Cole
Porter poderia dizer de George Gershwin o que Gore Vidal disse de
Norman Mailer. Para Vidal, Mailer era um privilegiado. Tinha nascido
pobre e judeu, estava feito na vida. Já Vidal, rico, aristocrático
e cristão, precisara vencer todas estas adversidades para se tornar
um escritor.
Gershwin,
nascido no Brooklyn, lutava para sobreviver no comércio de música
de Nova York, o Tin Pan Alley, enquanto Porter fazia canções
satíricas para os shows de seus colegas bem-nascidos em Yale ou
Harvard, as escolas preparatórias para o poder do establishment
no Leste americano. Por isso sempre se disse que Porter era mais
brilhante, mas Gershwin era mais importante. Mas estas comparações
perdem um pouco no detalhe. Mailer, por exemplo, também estudou em
Harvard, embora diga que estava tão bêbado que não se lembra. E
Gershwin, apesar da sua origem mais “humilde”, teve mais formação
musical do que Porter e foi musicalmente bem mais ambicioso,
incursionando pela ópera e a sinfonia enquanto Porter nunca foi além
da canção popular.
O
cinema difundiu as músicas de Porter e Gershwin, feitas para o
teatro, pelo mundo. Mas o cinema também lhes pregou algumas peças.
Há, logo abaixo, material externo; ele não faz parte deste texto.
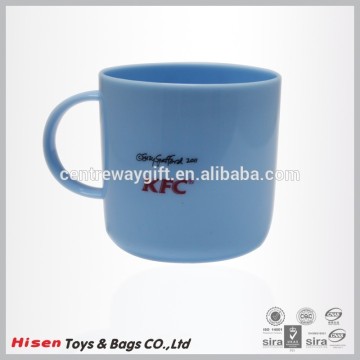 Company logo printed plastic gift cup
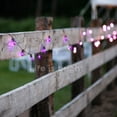 thumbnail image 5 of Luxrite C7 LED Purple Replacement Light Bulbs for String Lights 0.5W Colored Bulb Enclosed Fixture Rated UL E12 Indoor Outdoor 6 Pack, 5 of 7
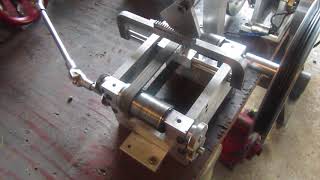 FLAT BELT REVERSING SYSTEM WITH UNIVERSAL JOINT [upl. by Hornstein]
Nada mais falso do que a versão hollywoodiana do processo de criação
musical. Um dos exemplos inesquecíveis disso é a própria biografia
cinematográfica de Cole Porter — Cary Grant era um improvável
Porter —, quando ele, vítima de um bloqueio que o impedia de
compor e de uma arrasadora crise amorosa, ouve, em sequência,
tambores distantes, o tiquetaque do relógio na parede e o ruído da
chuva na vidraça, e começa a tirar no piano a introdução de
“Night and Day”: “Like the beat, beat, beat of the tom-tom,
when the jungle shadows fall; like the tick, tick, tock of the
stately clock...” Pior do que isso só a cena da biografia de
Strauss em que o compositor ouve, num bosque de Viena, as patas dos
cavalos e o canto dos passarinhos lhe ditarem a primeira estrofe de
uma valsa. Não fazem mais cinema como antigamente, felizmente.
Cole
Porter também poderia dizer de George Gershwin que ele teve a
vantagem injusta de morrer antes. Gershwin morreu em 1937, Porter em
1984, quando a fofoca já era tão valorizada quanto o talento.
Porter conseguiu viver livre de inconfidências públicas até a sua
velhice, mas ainda viveu o bastante para se ver retratado como
homossexual e toxicômano por Truman Capote no seu Answered
Prayers, provavelmente o mais famoso livro nunca terminado de
todos os tempos. Não se sabe o que teria acontecido com a reputação
de Gershwin se vivesse tanto quanto Porter.